The Constitutional Amendment Bill can be introduced in either house of the parliament, either by a Minister or by a member of parliament. Still, it cannot be introduced in the state legislature.

  • The passing of the Constitutional Bill does not require the permission of the President of India.
  • There is no such facility for joint sitting in a tie situation.
  • The Constitutional Amendment Bill needs to be passed in each house by a special majority that is more than 50%.
  • The President has to give his approval to the Bill as he is not in a position to return or retain the bill as in the case of ordinary bills.
  • Once the President approves, the bill becomes a Constitutional Amendment Act, and the required amendments are made to the Constitution following the terms of the act.

Votes required to Pass a Bill in Parliament

To pass a bill and make it a law, each House of Parliament (Lok Sabha/Rajya Sabha) requires a certain majority of votes.

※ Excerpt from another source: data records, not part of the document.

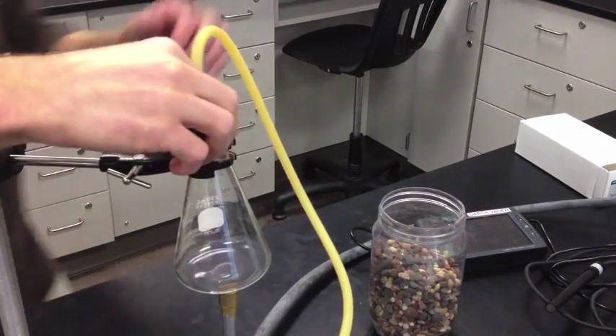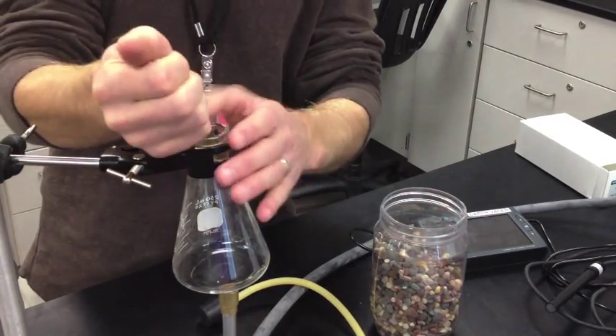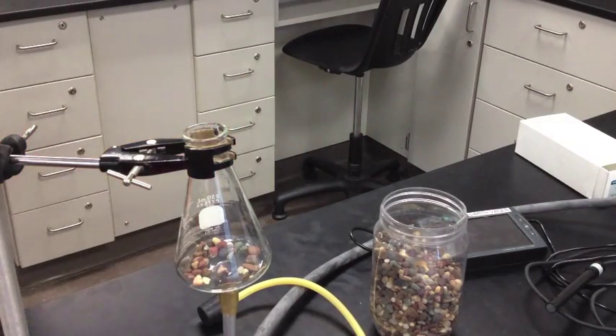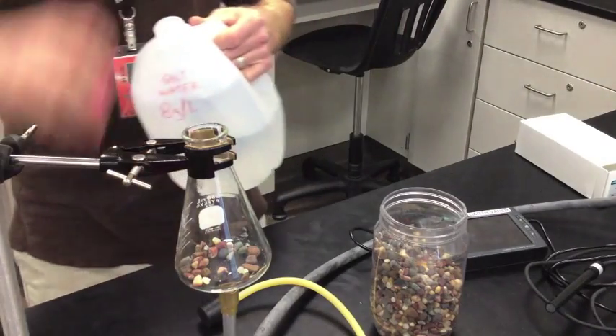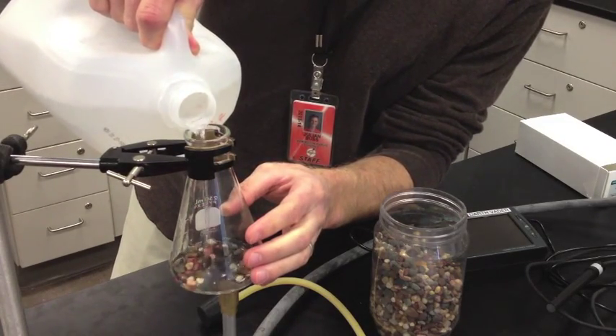To your 250 milliliter Erlenmeyer flask, go ahead and add a small handful of rocks. Those are boiling chips that are going to allow the saltwater to boil at a normal amount without over boiling. Also add 100 milliliters of saltwater to the Erlenmeyer flask.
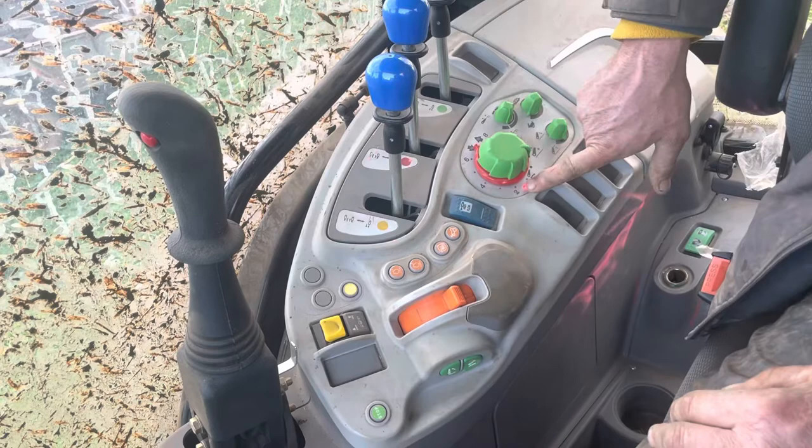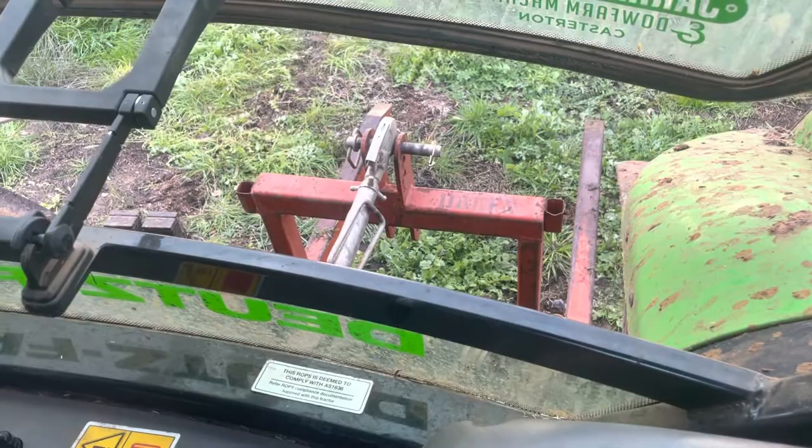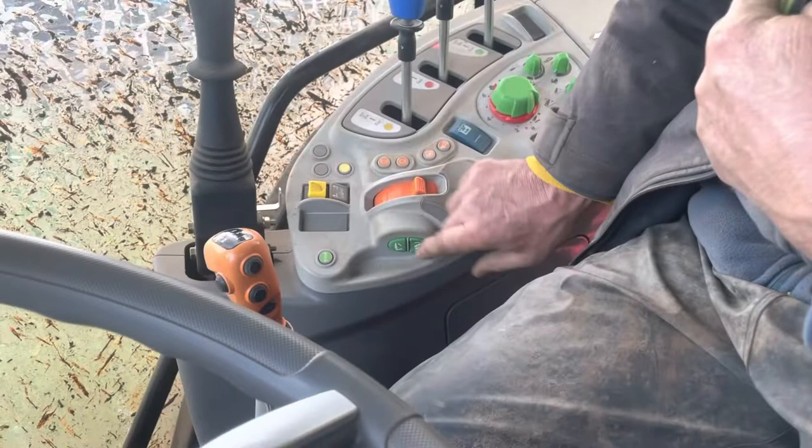Then there's a green button down there which is up and down. So if I press that down, that lowers it, and then push it up to raise it. I believe you can also use this one here — so that's down and up. And that's it.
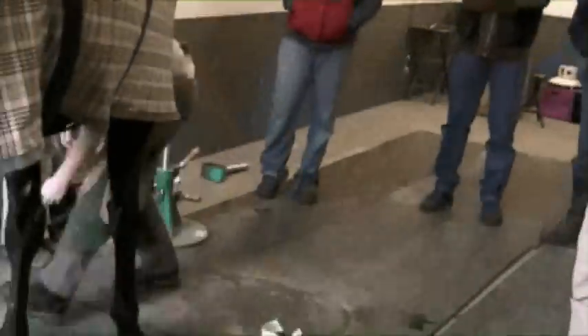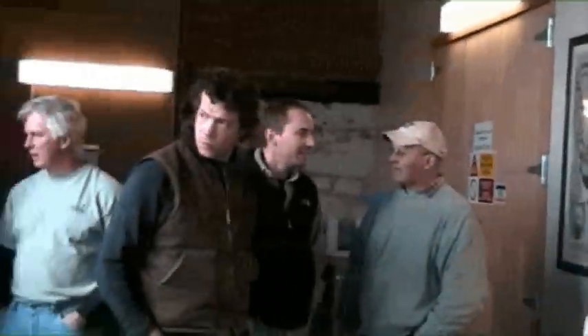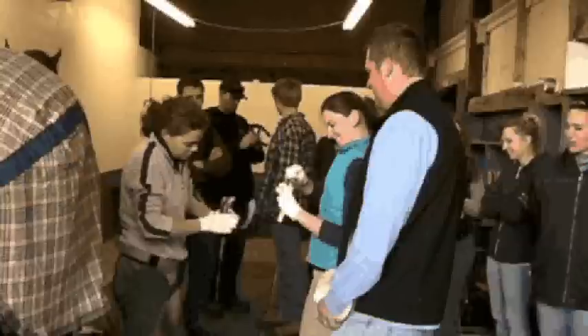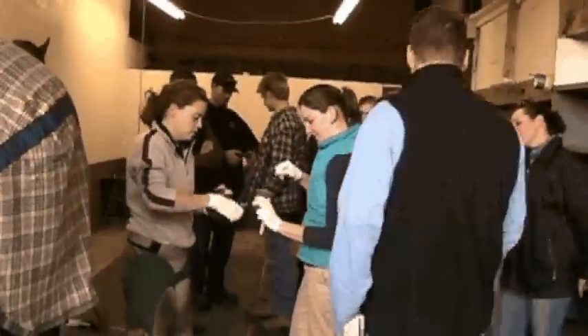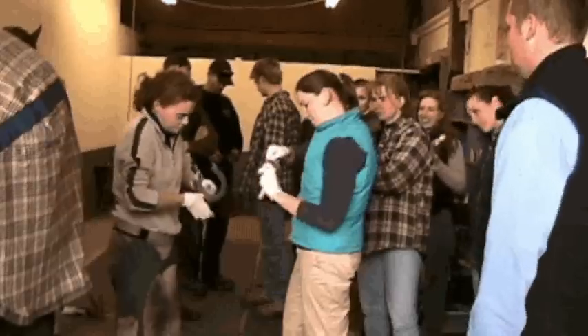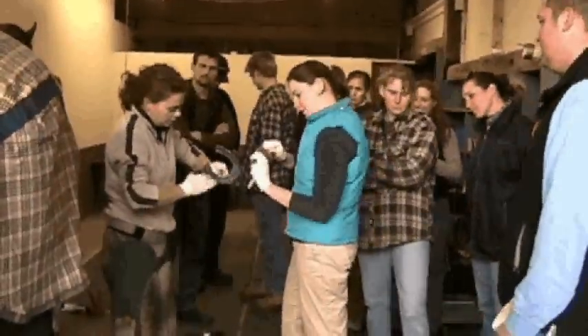Dr. Hambrook has just had the shoe shaped and she's getting her glue. The farriers are talking about the case — many of them have never seen this before. Here Dr. Hambrook is putting the glue into the mesh, really trying to saturate it and work it in. You can never have too much glue.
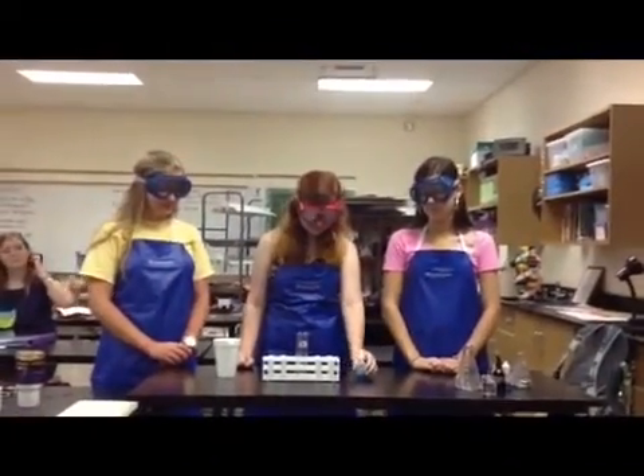Now we're going to test for sugar content in these test tubes. This is Benedict's reagent — it reacts with sugar. This is distilled water. We're going to put ten drops of Benedict's in the distilled water. Eight, nine, ten. There we go.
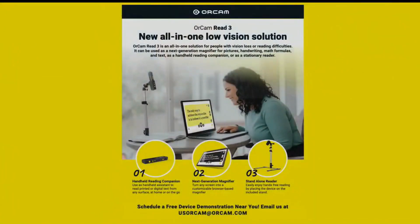This one is an all-in-one low vision solution that is designed to follow people with their vision loss journey. So when it starts and you do need a magnifier, instead of having a magnifier, a text-to-speech device, and a million different devices, it's an all-in-one solution for you.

Four majority votes are required to pass the various bills in the Parliament of India.

Type of Majority

Meaning of the Votes

Simple Majority

More than 50 per cent of members are in the House and voting.

Absolute Majority

More than 50 per cent of the total strength of the House

Special Majority

2/3rd of the total strength or 2/3rd of those present in the House and voting

Effective Majority

50 per cent of the effective strength of the House, i.e. the number of seats that are currently filled in the House.